» **Problem details**
Each entry should be set down again verbatim, with the images omitted.

(Scraped caption text data)
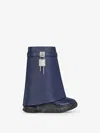 Givenchy Shark Lock Biker Ankle Boots In Grained Leather In Petrol Blue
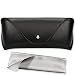 Portable Leather Sunglasses Pouch Soft Eye Glasses Carry Case for Women Men Student Horizontal Sunglass Box Case (Black)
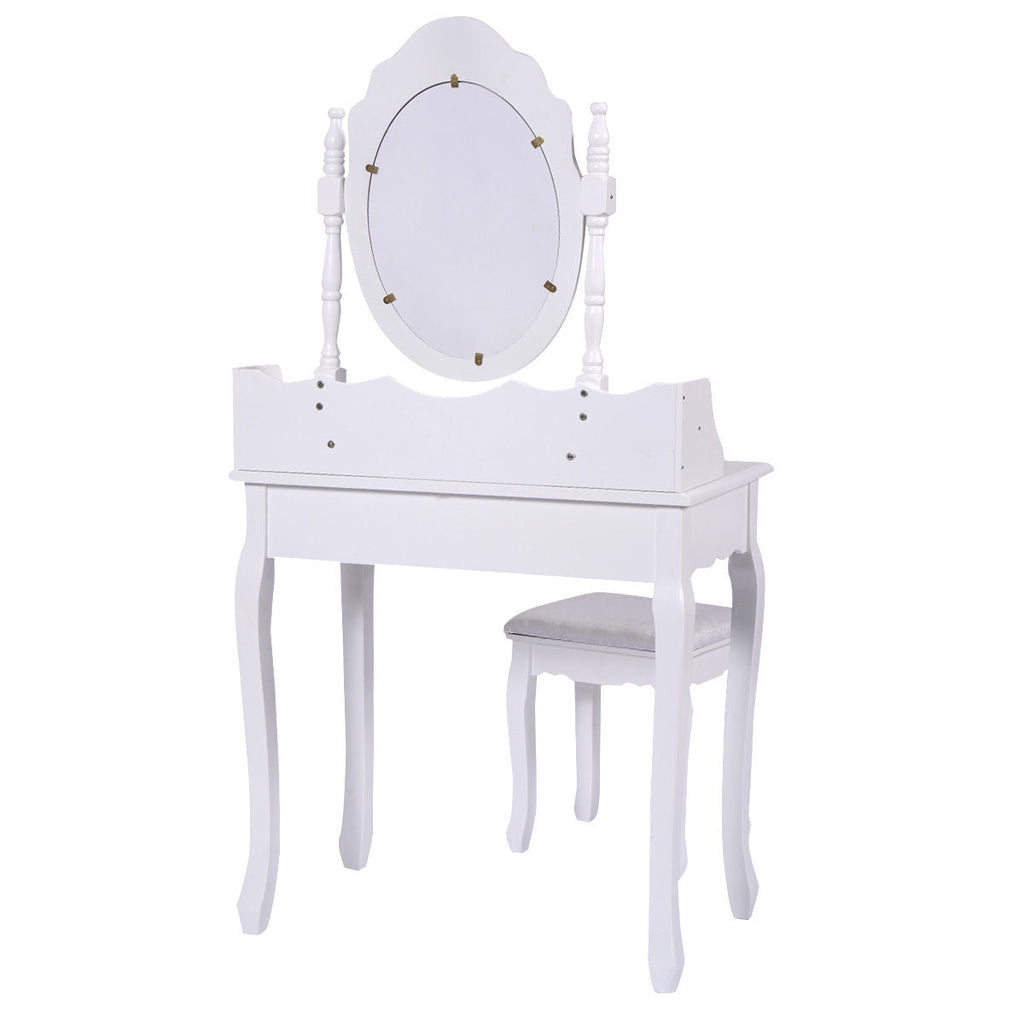 Vanity Table Set with Cushioned Stool with 360¬∞ Rotating Oval Mirror and Three Drawers-White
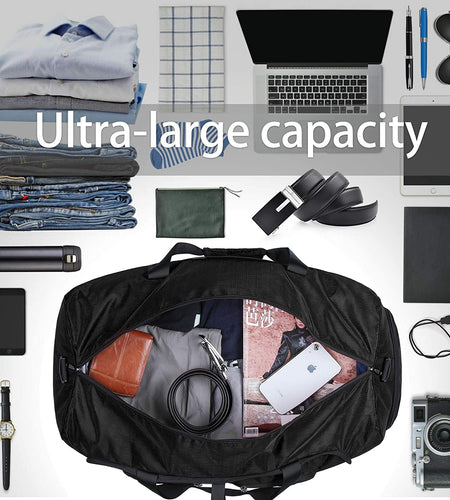 Duffel Bags for Traveling, 65L Carry on Foldable Weekender Overnight Bag for Men Women Waterproof Weekend Travel Duffle Bags with Shoe Compartment,Black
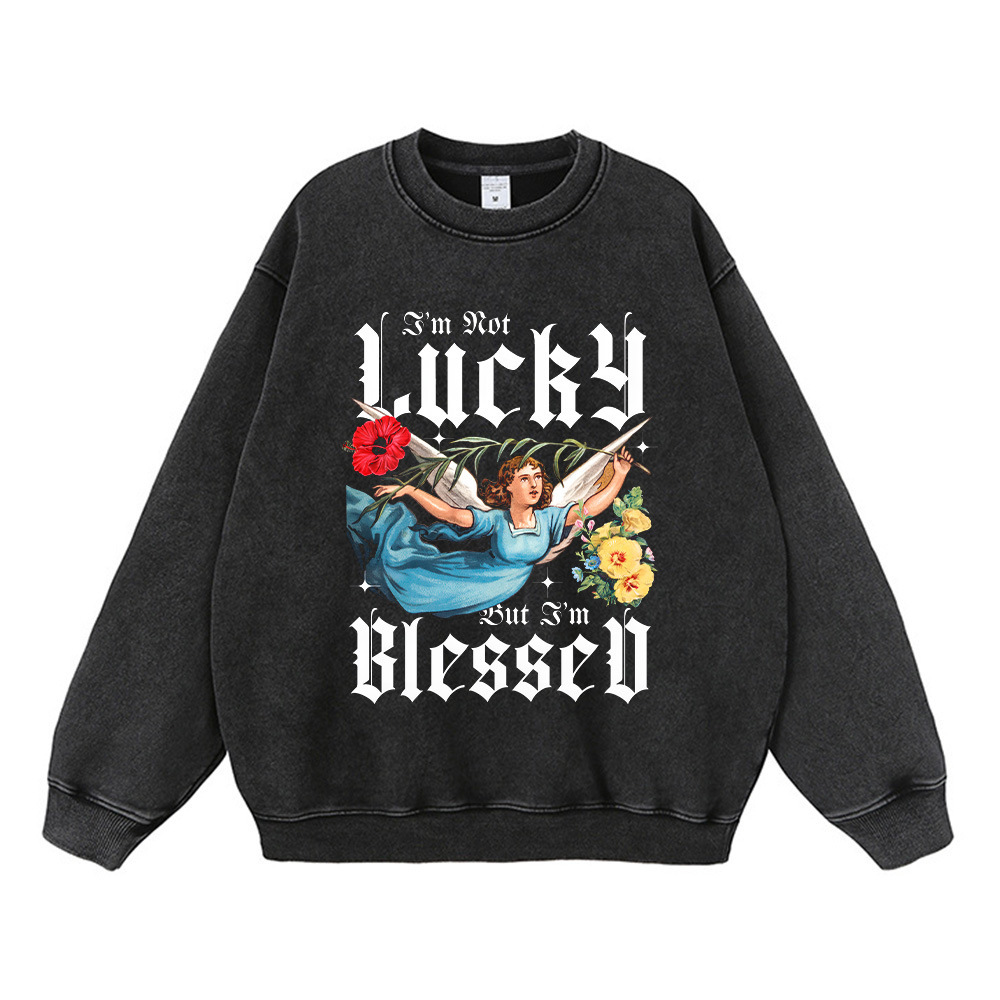 Sudadera con cuello redondo y flores fritas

» **Response area**
 Givenchy Shark Lock Biker Ankle Boots In Grained Leather In Petrol Blue
 Portable Leather Sunglasses Pouch Soft Eye Glasses Carry Case for Women Men Student Horizontal Sunglass Box Case (Black)
 Vanity Table Set with Cushioned Stool with 360¬∞ Rotating Oval Mirror and Three Drawers-White
 Duffel Bags for Traveling, 65L Carry on Foldable Weekender Overnight Bag for Men Women Waterproof Weekend Travel Duffle Bags with Shoe Compartment,Black
 Sudadera con cuello redondo y flores fritas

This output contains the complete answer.